**RECORDED INFORMATION:**
((
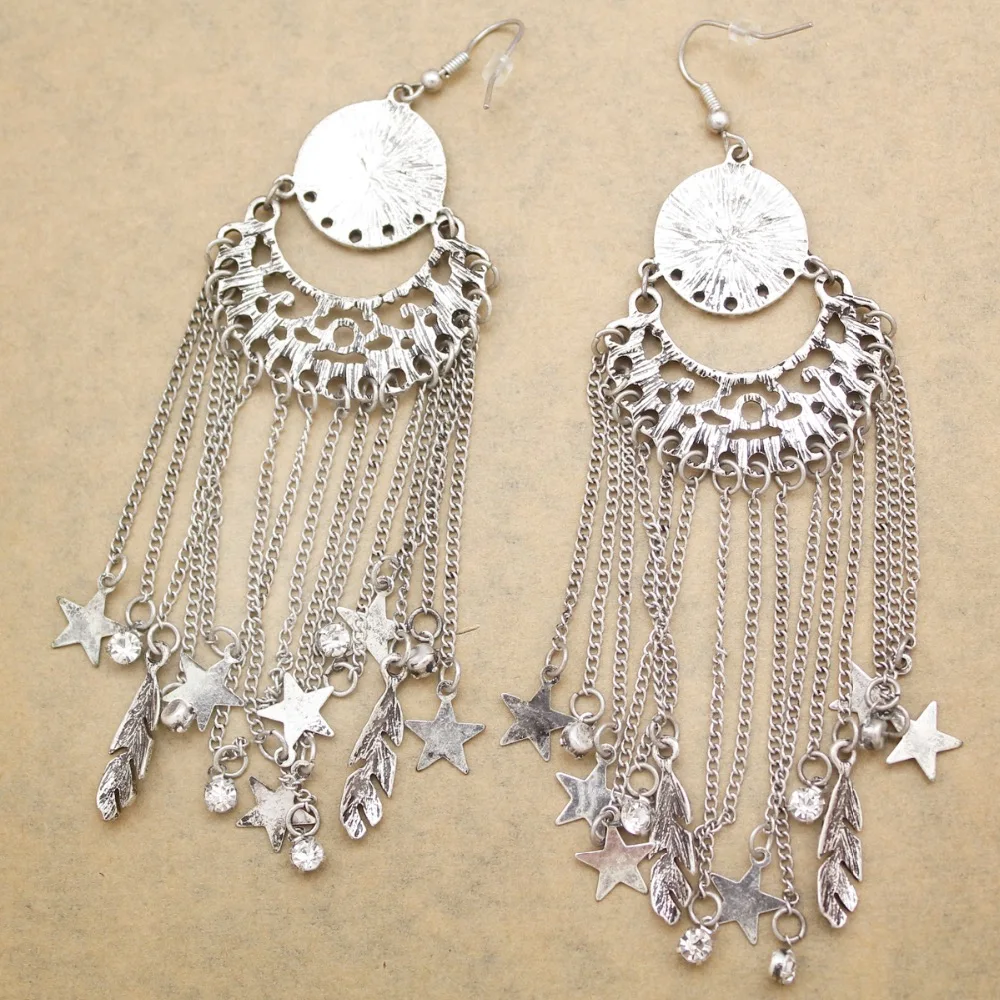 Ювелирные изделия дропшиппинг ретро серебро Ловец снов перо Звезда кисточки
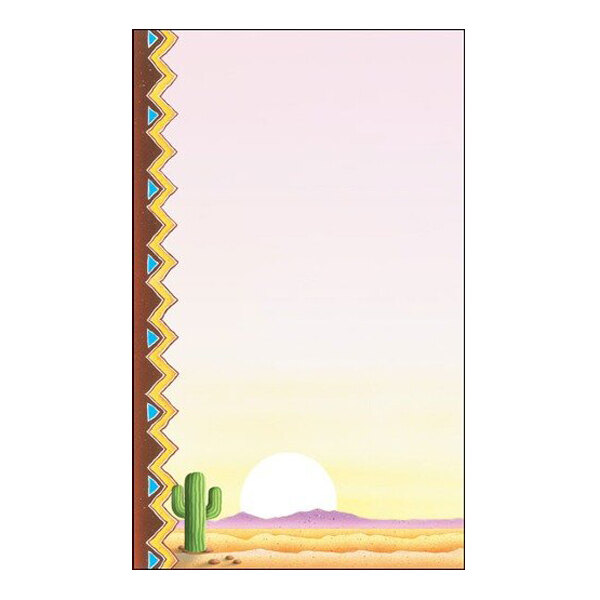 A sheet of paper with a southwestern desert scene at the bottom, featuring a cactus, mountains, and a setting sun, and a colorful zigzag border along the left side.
))
((
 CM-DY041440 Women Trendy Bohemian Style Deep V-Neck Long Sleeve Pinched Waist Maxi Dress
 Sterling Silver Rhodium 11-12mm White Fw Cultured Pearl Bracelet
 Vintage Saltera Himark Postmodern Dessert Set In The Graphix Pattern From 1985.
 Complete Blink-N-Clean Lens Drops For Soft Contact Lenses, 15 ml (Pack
))
((
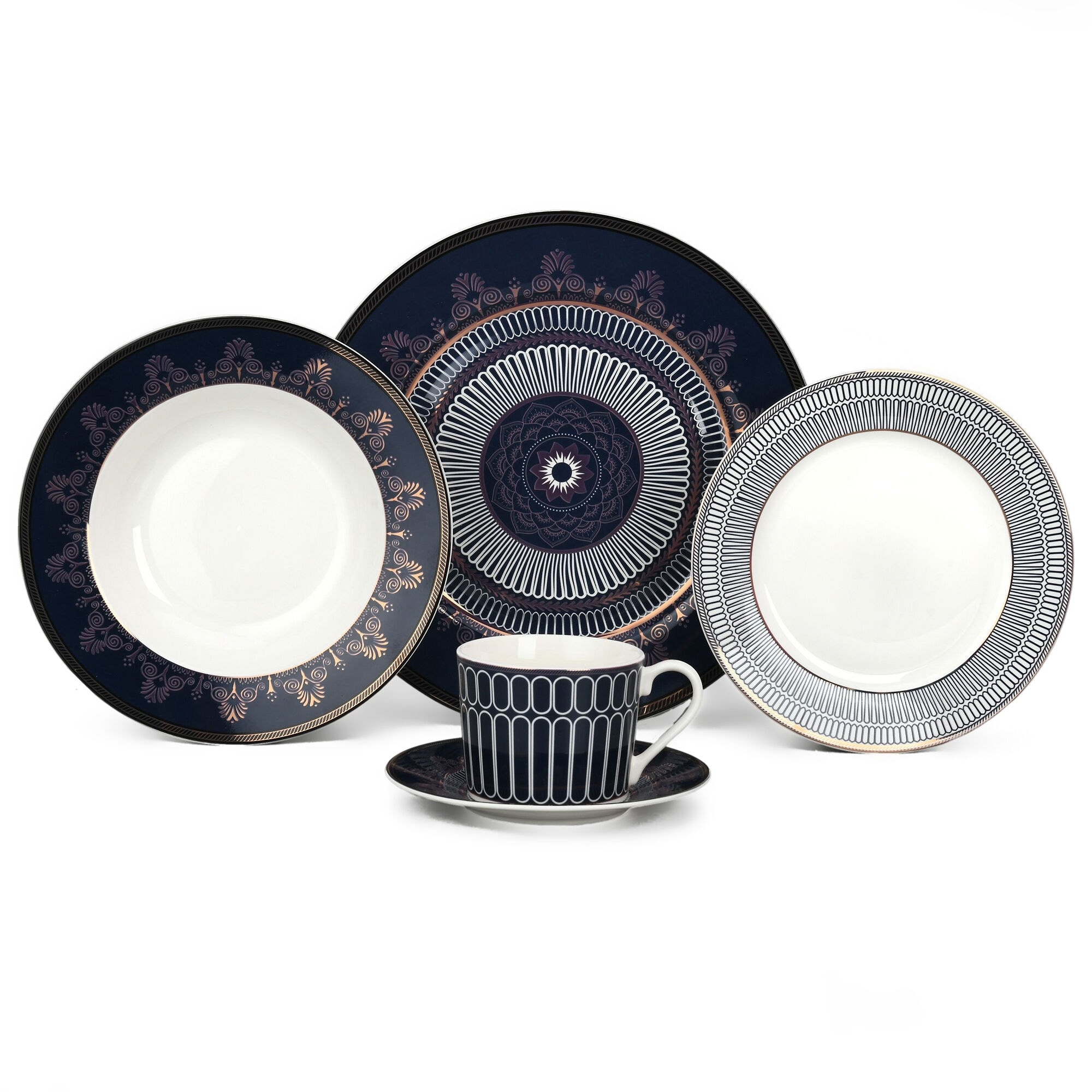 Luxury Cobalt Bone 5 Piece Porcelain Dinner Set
))
Take the material above from the line bearing "Ювелирные изделия дропшиппинг" through the line bearing "A sheet of paper" and write it out exactly, both end lines included. Pictures stay out.

**SOLUTION FOR THIS TASK:**
 Ювелирные изделия дропшиппинг ретро серебро Ловец снов перо Звезда кисточки
 A sheet of paper with a southwestern desert scene at the bottom, featuring a cactus, mountains, and a setting sun, and a colorful zigzag border along the left side.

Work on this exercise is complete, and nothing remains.